Ah i missed this post. It was baked in max, and displayed with a standard viewport shader in max.
I'de be really interested to see what sort of results you're getting with your process, exactly what you can and cant get away with.
For work on DoD, we added xnormal support for our file format(to get the correct bi/tangents etc), and while this helped to make our results as accurate as possible, it didn't come anywhere near close to solving most common problems with tangent space maps. IE: needing to double your polycount by adding tons more edges just to get a "clean"(still inacurate compared to a proper OS map) bake, or needing to use tons of hard edges for anything remotely complex.
Let me get you some screenshots.
Oh also, make sure you're throwing some spec on your test materials. Often smoothing errors can seem pretty minimal, but throw a nice shiny material on there and it all goes to hell. Even worse, a cube map or image based lighting can really bring out errors.

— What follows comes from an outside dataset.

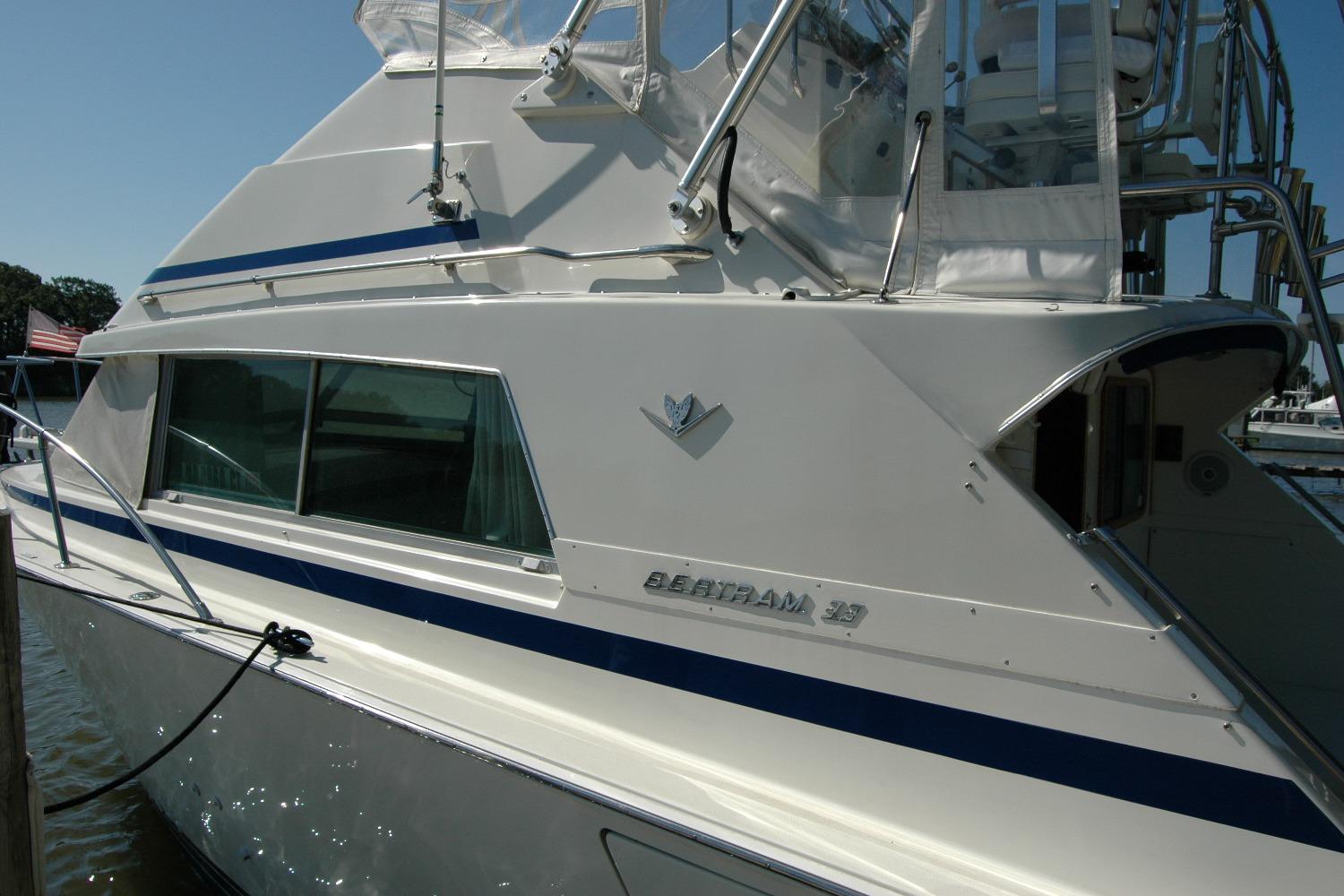 1987 Bertram 33 Sport Fisherman boat docked, showcasing sleek design and classic style.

If you want to try Maya baked normal maps in Max then go back a page or two and grab my test scenario.
Although I think this has already been tested. Looks like some color channel needs flipping.
Just unlock normals in maya, and then average the normals on these meshes, seperate out that middle one and set his smoothing angle to like 45. Then you should get a proper bake, sorry about that.
Edit: Considering how terribly wrong the smoothing is on those meshes i'm actually pretty surprised how well the maya bake looks there, lol!
Maya does it right - and there's no reason why game engines can't do this either. Ours does.
No, this is not the case. People have claimed this in the past, but they fail to realize two importand factors:
1. You're adding extra triangles, and while very count may be the main thing to consider when dealing with performance, triangles are *not* free.
2. Small thin polygons can tend to be a bottleneck, because you're spending time rendering stuff that is too small to show up on screen. So, the pixel shader just sits around waiting on these polys, but not actually rendering anything. - I'm pretty sure this is the jist of it, but someone could give a more technically accurate response i would imagine.